Minęło 10 lat od zamachów w 2001 r. Przyniosły one śmierć kilku tysięcy ludzi w biurowcach World Trade Center w Nowym Jorku, waszyngtońskim Pentagonie oraz na pokładach 4 samolotów pasażerskich. W jednym z nich skuteczny bunt wzniecili pasażerowie, uniemożliwiając zamach, który zniszczyć miał któryś z kolejnych symboli USA. Nieszczęścia te przełożyły się jednak na bezmiar dalszego cierpienia. Strach po słynnym ataku instrumentalnie wykorzystały upatrujące w nim źródła zysku grupy interesu. Rezultatem okazała się tzw. wojna z terroryzmem: geopolityczny projekt pogardliwie ustosunkowujący się do praw człowieka, wolność rozumiejąc przez swobodę działań wielkiego kapitału.

Geopolityka ta poskutkowała globalnymi akcjami policyjnymi w iście imperialistycznym duchu. Odpowiedzialność za nie spada oczywiście na Stany Zjednoczone, ale trzeba pamiętać, że i nasza klasa polityczna odpowiada za 10 brutalnych lat.

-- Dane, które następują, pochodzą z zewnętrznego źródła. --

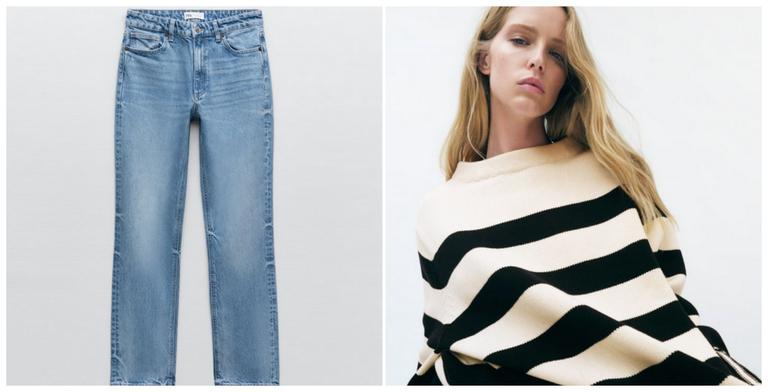 Capsule, not clutter: Your entire spring wardrobe in 10 affordable buys Capsule, not clutter: Your entire spring wardrobe in 10 affordable buys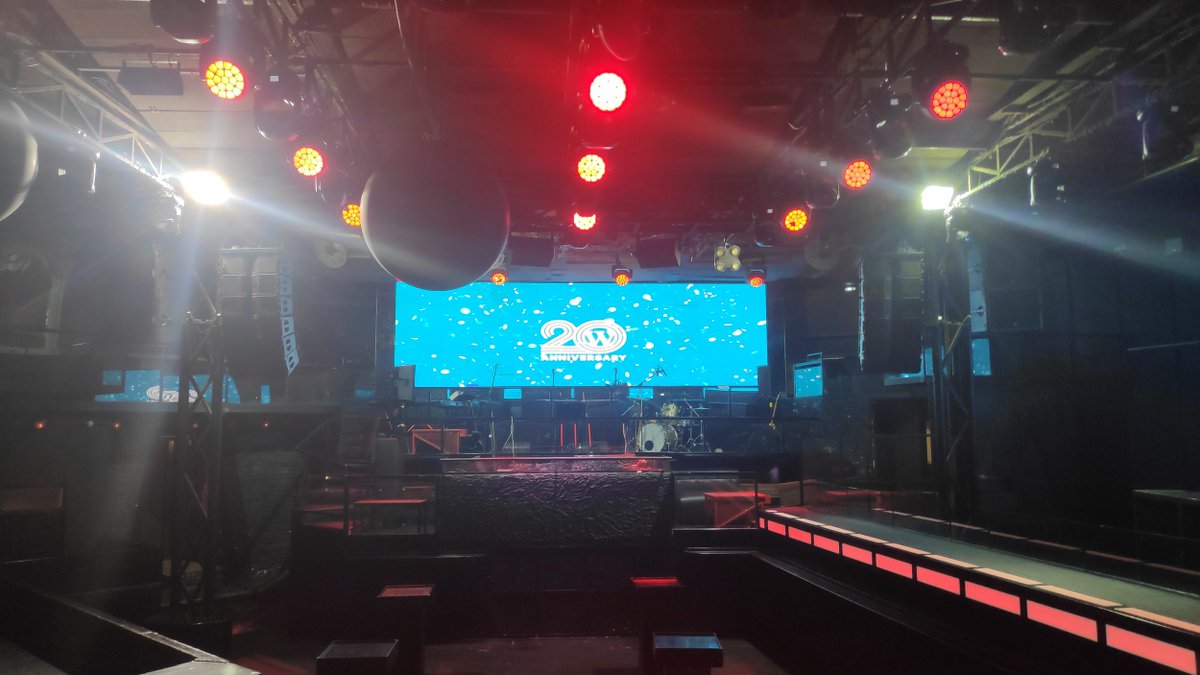 WP Greek Community tweet media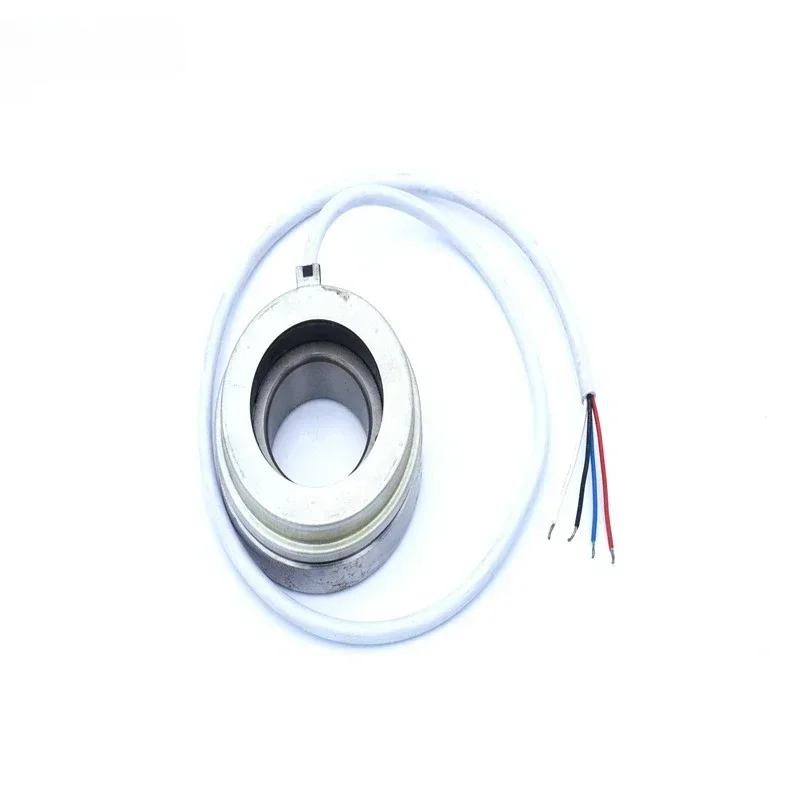 Original NSK 6206V Motor Encoder For Forklift TruckHot Sales Cheap And Fine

Polska wschodnia okazała się scenerią dla tajnych więzień i torturowania ludzi przetrzymywanych zupełnie bezprawnie w urągających godności ludzkiej warunkach. Skandaliczny udział w neokolonialnym sojuszu Busha objął m.in. tolerowanie tortur przeprowadzanych na terytorium państwa przez osoby pozostające poza jego jurysdykcją.

Te 10 lat skompromitowało zarówno zagranicznych, jak i polskich przywódców. Rzekomo lewicowy premier Leszek Miller do dzisiaj z pogardą traktuje dziennikarzy wyrzucających mu łamanie praw człowieka, określając ich jako pożytecznych idiotów. Odpowiedzialność dźwigają też inni. Rzadko kiedy politycy okazywali się tak zgodni. Jarosław Kaczyński oczarowany wizją polskiej wielkości określił interwencje na Bliskim Wschodzie jako naszą wojnę. Politycy PO nawet nie spróbowali wyjaśnić przypadków łamania praw człowieka i zbrodni wojennych, za które odpowiadają ich poprzednicy. Jeszcze w tym roku Radosław Sikorski wychwalał takie działania stwierdzając publicznie, że Polska powinna zacząć zachowywać się tak jak imperium. W domyśle: dzielić i rządzić.

Po 11 września na niespotykaną dotąd skalę wybuchła fala ksenofobii wymierzonej w obcą białemu światu kulturę muzułmańską. Z pewnością ktoś na tym zarobił. W rezultacie zamachu wydatki na obronność (sic!) USA wzrosły o 6% w 2001 r. i 10% rok później. Akcje zainteresowanych zbrojeniami korporacji poszybowały w górę. Dzisiaj kolejny kryzys udowadnia sprzeczności neoliberalnego kapitalizmu i jego antyludzkiego charakteru. Prezydent Obama, który zdobył władzę dzięki obietnicy symbolicznego zakończenia linii poprzednika, nie zmniejsza jednak, a zwiększa wydatki na zbrojenia, tnie z kolei te socjalne. Zbrojenia nijak się mają dla niego do deficytu budżetowego.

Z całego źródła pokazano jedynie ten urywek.